Best way to avoid UObjects garbage collection?

Hi,

I was recently testing two ways of avoiding UObjects garbage collection :

  • Always mark all UObjects as UPROPERTY(), make their containing class inherit from UObject and also mark it as UPROPERTY() at higher level, etc…
  • Do not mark UObjects as UPROPERTY(), make their containing class inherit from FGCObject and implement AddReferencedObjects() to add all needed UObjects references to the collector.

Is there any preferred way to achieve this among those ? Is there any overhead of using one or another ?

Thanks,

Nicolas

2 Likes

Hey Nicolas,

to permanently prevent objects from getting processed during GC you can add them to the root set via UObjectBaseUtility::AddToRoot / UObjectBaseUtility::RemoveFromRoot.
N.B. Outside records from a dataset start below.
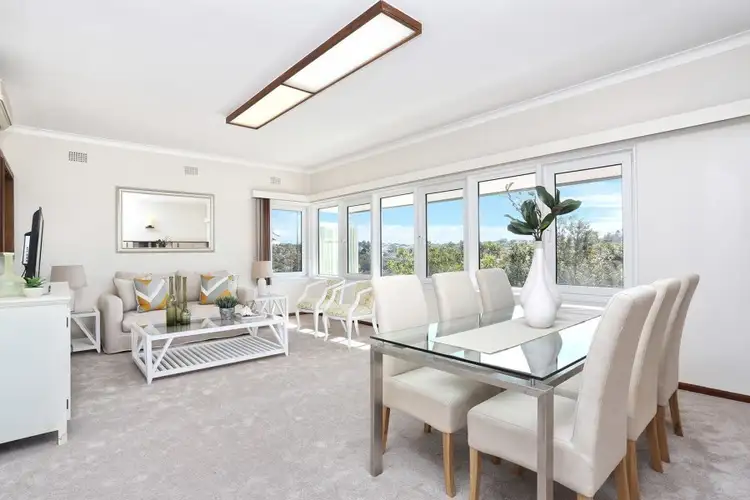 16 Rembrandt Drive, Middle Cove NSW 2068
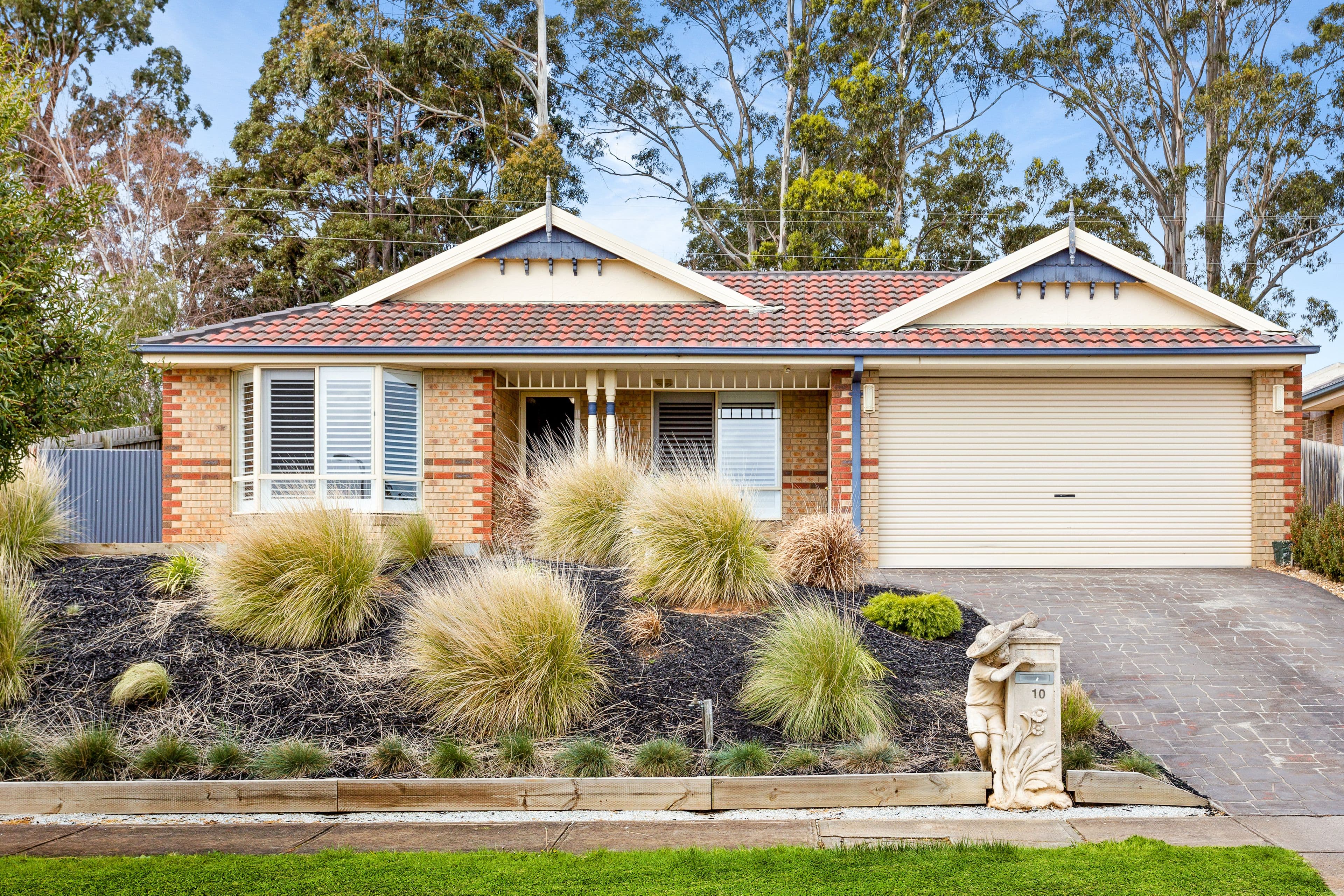 10 Claudia Crescent, Drouin VIC 3818, Drouin - Image 1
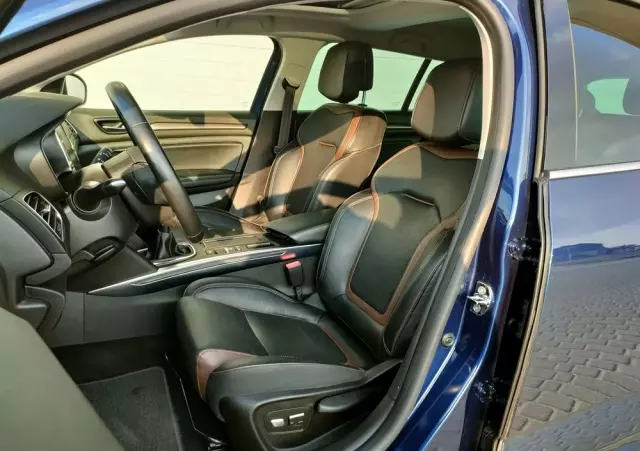 RENAULT Megane ENERGY TCe 130 BOSE EDITION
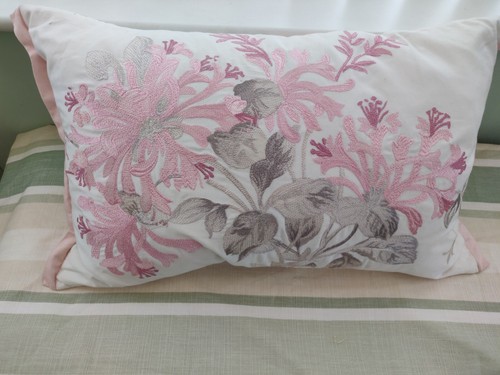 Laura ashley complete cushion - ,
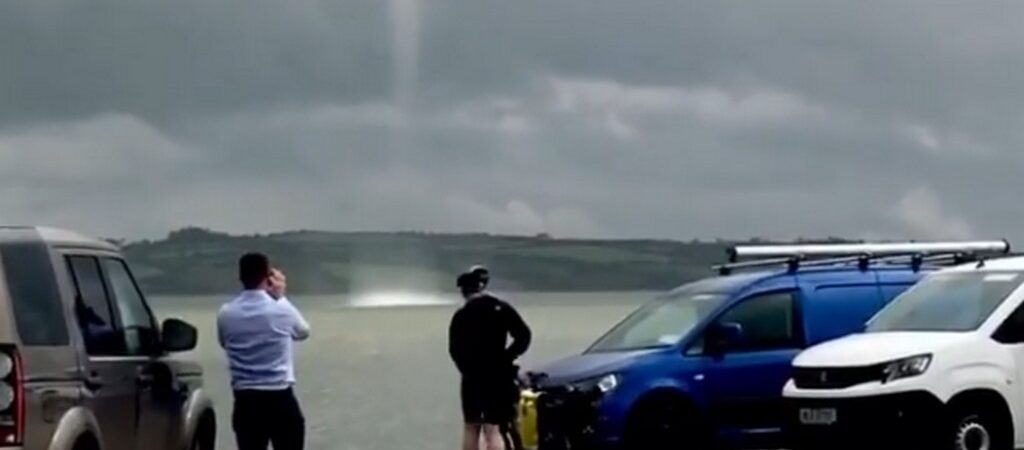 Mini tornade aquatique dans le comté de Kerry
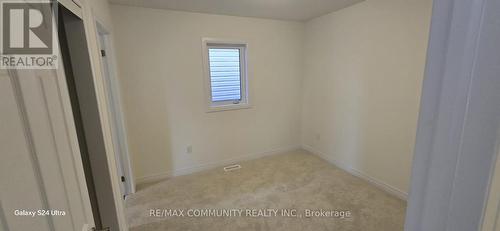 12 Heritage Way, Thorold, ON - Indoor Photo Showing Other Room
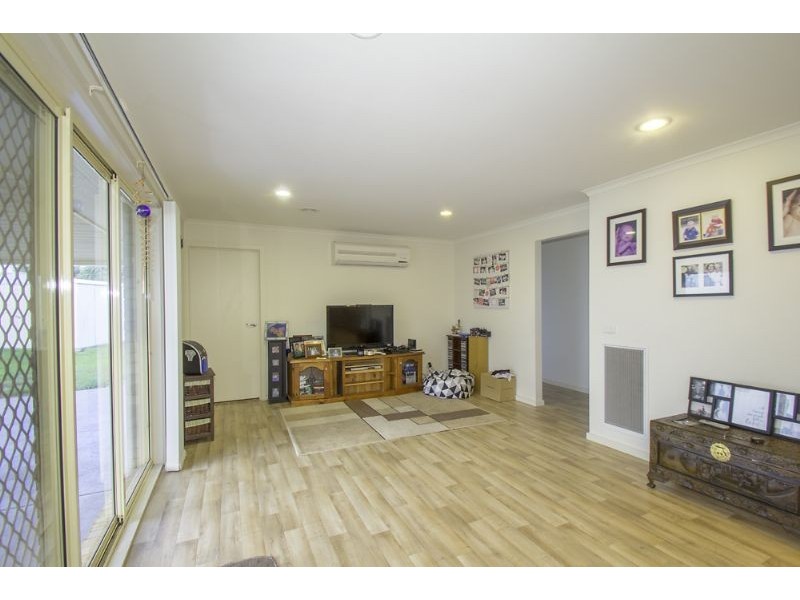 17 Carr Avenue, Leongatha VIC 3953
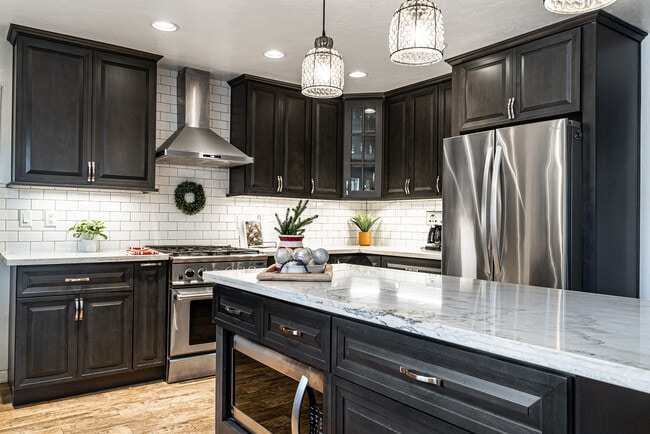 Building Photo - 8511 Fensmuir St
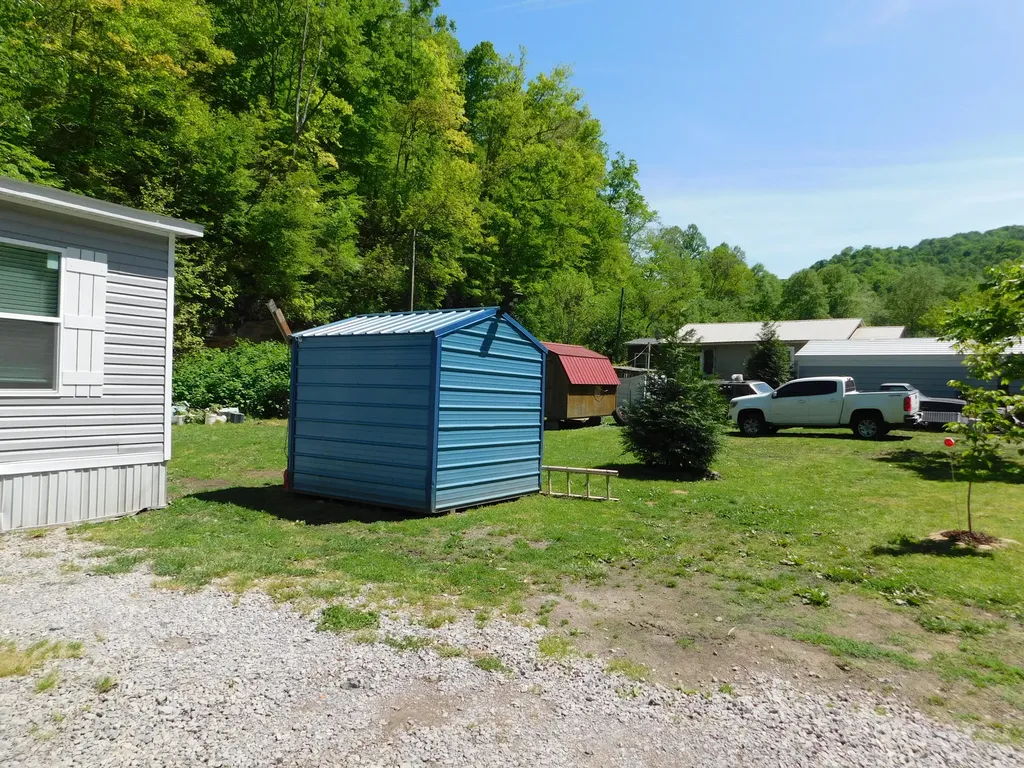 3587 Ky-219 Wallins KY 40873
You need to take care of their lifecycle though to prevent memory leaks by forgetting to remove them from the root set again.

Cheers,
Oliver

1 Like

Under the hood, GC starts by marking all UObjects as Unreachable unless they are in the SerializedObjects array which anything in that array is treated as a Root object and not ever GC’d.

Important: If a UObject is not a root set object, and no root object references a non-root set object, then that object marked as Unreachable will never have the Unreachable flag removed during the GC pass and it will get collected and destroyed as an orphaned object. All UObject must have a root set object referencing them somewhere or they are GC’d.

FGCObject is a base class specifically designed to add GC behavior to classes that are not derived from UObject to begin with. But those will still be GC’d unless you add them to referenced objects array (which makes them go in to SerializedObjects temporarily to treat them as if they were root objects). so they won’t GC OR a root set object references your FGCObject.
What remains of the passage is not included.